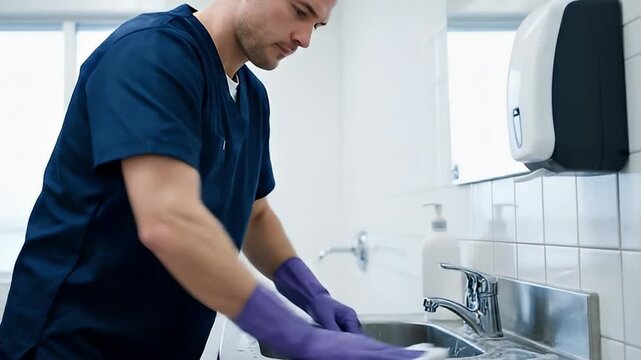 Man in scrubs wiping down sink to maintain hygiene in restroom setting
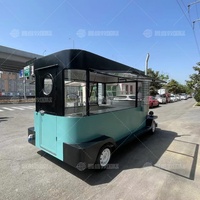 Remorque alimentaire multifonctionnelle rétro, chariot BBQ en aluminium, camion de restauration rapide mobile en acier inoxydable pour hot-dogs, glaces, snacks et frites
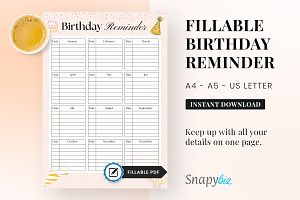 Birthday Reminder Template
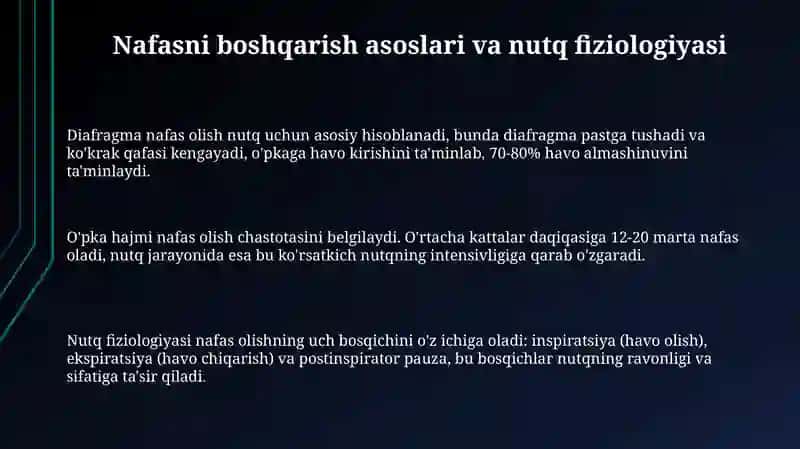 Nafasni boshqarish asoslari va nutq fiziologiyasi 3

============================================================

Repeat the data word for word, excluding any image.

 Man in scrubs wiping down sink to maintain hygiene in restroom setting
 Remorque alimentaire multifonctionnelle rétro, chariot BBQ en aluminium, camion de restauration rapide mobile en acier inoxydable pour hot-dogs, glaces, snacks et frites
 Birthday Reminder Template
 Nafasni boshqarish asoslari va nutq fiziologiyasi 3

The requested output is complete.